Les textes creusent dans une conscience aiguë du corps, du lien qui l’unit à l’amour, au territoire : habité, vivant, avide, blessé, éveillé au contact des éléments. Un contraste apparaît entre mots et photos, où les corps sont pratiquement absents, au profit de la grandeur des paysages. Deux êtres suivent les mouvements du large, du désir, se cognent à l’abrupt, à l’escarpé, à ce que la nature a de plus rude à offrir. Il émane, de l’ensemble de l’œuvre, l’impression d’une dévoration partagée entre les deux artistes, presque une promesse : « demain ensemble ». Il s’agit d’espoirs, de rencontres majeures, primordiales. C’est une mise à l’épreuve, « les flammes sont notre seul mouvement possible » : celui charnel de l’intimité, de la sexualité, la course folle d’un nuage de poussière qui se soulève, un saut du haut d’une falaise.

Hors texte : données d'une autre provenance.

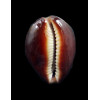 englerti 25,8mm DARK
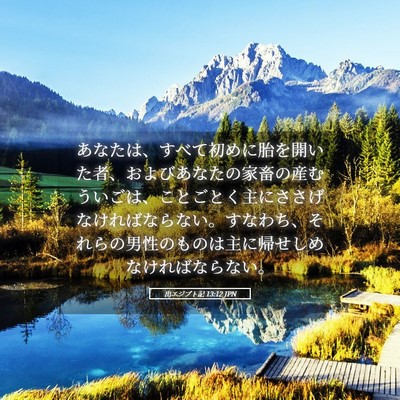 Picture 05 - 出エジプト記 13:12 JPN - あなたは、すべて初めに胎を開いた - Bible Verse Picture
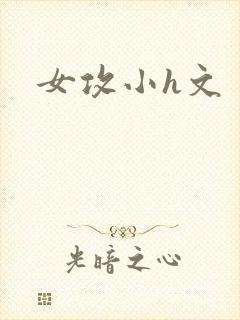 女攻小h文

Il y a la volonté féroce de croire, d’envisager la suite, de se mettre à l’abri ; trouver un espace où se préserver de l’effritement, où la poète peut écrire : « je te veux beau d’avenir ».
Sur une image, l’autrice se fond au décor ; sur une autre, les eaux brillent comme le feu. Une île se distingue, une apparition comme un monstre marin, à nouveau la route, ses lignes de nuit, ses signaux de feu. Des stries sur la pierre comme la trace des siècles passés, celle de la vie des autres, de notre propre passage ici sur terre. Tout à coup, une brèche apparaît ; un horizon, des trouées de lumière. À mesure que l’on progresse dans la lecture de l’ouvrage, les teintes changent, passent de tons neutres, embrumés, au rose, au mauve des envies les plus folles. Les amoureux reprennent sans cesse leur élan, reforment le réel, rejouent la transmission. Le mariage poèmes et photos met de l’avant toute l’humilité des deux artistes devant la grandeur du territoire, celle des sentiments.
Monuments est un voyage amoureux ; il faut savoir bouger, puis s’effacer, faire avec la nature, puisque « l’attaque peut surgir des buttes des herbes hautes », rester à l’affût, vigilante. Les îles ne sont pas à conquérir, ce sont elles qui obsèdent. L’eau claque, elle se brise sur les rochers. Surgissent, page après page, champignons, conifères, plages, récifs, ciels nuageux; de nouvelles routes, parfois claires, parfois floues, légèrement effacées. Les textes de Vanessa Bell et les photos de Kéven Tremblay tracent le portrait des lieux qui nous embrassent, des terres démesurées où grandir, où aimer. C’est une histoire de mouvement, une écriture organique, où « nous ne questionnons plus le vivant », mais plutôt, nous nous inclinons devant sa féroce beauté.